Purple shampoo is one of those essentials that’s recommended to anyone with blonde hair to calm down brassiness, but have you heard of blue shampoo?
Blue shampoo does the same thing for brunettes as purple shampoo does for blondes. It neutralizes brassy tones in brunette hair, especially if it’s been lightened or highlighted. Over time, the tones in colored hair can change slightly and become more red or orange. This is usually caused by sun exposure, product fade or lifestyle.
Colored shampoos, such as blue or purple, work by depositing pigment onto your hair temporarily. This changes the shade your hair appears by essentially adding the opposite color on to the top layer of your hair. Purple minimizes yellow and blue minimizes orange – if you’ve ever seen a color wheel, then this will make sense.
Even if your brunette locks haven’t been enhanced, you can still incorporate blue shampoo into your hair care routine. Natural brown hair can still become brassy and in need of a refresh, and blue shampoo can make it look shinier. It’s best to limit your usage of blue shampoo to a few times a week to avoid changing the tone of your hair more significantly.
Is blue shampoo easy to use?
Blue shampoo is so straightforward to use. If you were worried that it was going to take hours or be really complicated: don’t. It’s really easy to incorporate into your hair routine.
Everyone has a different way of doing their hair – whether that’s no-poo, the Curly Girl Method, daily hair washing, co-washing, once a week, sufate-free, extensions….the list goes on – so for this we’re assuming a pretty regular hair routine. Daily (or every-other-day) washing with a regular shampoo and conditioner. You should be able to tweak this to suit most routines (though with no-poo you might have to cheat a little, after all it’s blue shampoo we’re talking about here).
Step 1 – Wash your hair normally using your regular shampoo
We’re sure you don’t need us to tell you how to wash your hair. But, just to be really clear, washing your hair with a blue shampoo is really, really similar to using your regular product. You just need to wet your hair then start shampooing with the blue shampoo of your choice.

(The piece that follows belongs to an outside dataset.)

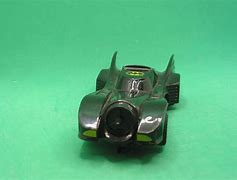 Image result for Batmobile Slot Car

One teeny, tiny thing to remember: with normal shampooing, you’re usually focusing on the roots and scalp to remove oils and build-up. With blue shampoo, it’s less about your scalp and more about the mid-lengths and ends of your hair, as this is where the brassiness is most likely to show. Also, try and apply the shampoo in an even way across your hair to make sure it doesn’t “take” in some places but not others.
If you’re worried about not focusing on your roots as much or you struggle with an oily scalp, you can still shampoo your roots as normal with blue shampoo. Or, if you really want your hair to be squeaky clean then you can use your normal products first to do a clean and then use the blue stuff as a second shampoo and to deposit pigment.
Step 2 – Condition as normal
If you have color-treated hair you really should be using conditioner. We know that sometimes this is down to personal preference, and some people say they don’t like their hair to be weighed down by conditioner (we say: you just haven’t found the right conditioner yet!).
This is true when you use blue shampoo too – because its primary goal is cleaning and depositing pigment, blue shampoo may not always be the most moisturising option for your hair. You have to do what’s going to be right for you and your locks.
Simply add your conditioner, leave for the right amount of time and rinse out. We’d recommend a conditioning hair mask once a week too, just to give your hair a treat and to keep it in the best possible condition.
Step 3: Style it out
After you rinse your conditioner out, it’s time to style. Again, styling is a personal preference and blue shampoo doesn’t come with any of the major styling upheaval that something like a perm or some chemical straightening methods do. You can dry and style your hair as normal (you can even leave it to airdry if that’s your vibe).
One thing we would say if you’re going to be using heat on your hair: heat protector is your friend. You’d be surprised how many people skip this step, but it’s one of the easiest and quickest ways to keep your hair in great condition whilst protecting from further damage. Heat styling is one of the most damaging things we can do to our hair so protect it as much as you can.
Provided you’ve followed the directions on your blue shampoo, you should now have brass-free brunette tresses. Repeat as needed to keep orange and red tones at bay.
Will it turn my hair blue?
Blue shampoo isn’t a hair dye and shouldn’t leave your hair looking like the Cookie Monster’s. However, depending on how damaged or light your hair is, how long you leave it on for and how evenly you add it to your hair…there is a chance that it could turn out bluer than you expect overall or a little more blue in some places. You can always try it out on a little piece of hair first if you’re worried.
Again, unlike a dye, it’s pretty easy to get the deposits of blue shampoo out of your hair if you need to. A clarifying or anti-dandruff shampoo should do the trick, just remember to condition well afterwards.
Are all blue shampoos the same?
They’re not – some will work better for you than others. If you try one and find it doesn’t do what you need it to, don’t give up; try a different brand. We hate to say it but sometimes price point is key and using a better-quality product will deliver better (or longer lasting) results for you.
Blue shampoo doesn’t need to be a scary as it sounds, and can be the best way to get that brass out of your brunette hair. Have you tried it? What did you think of the results?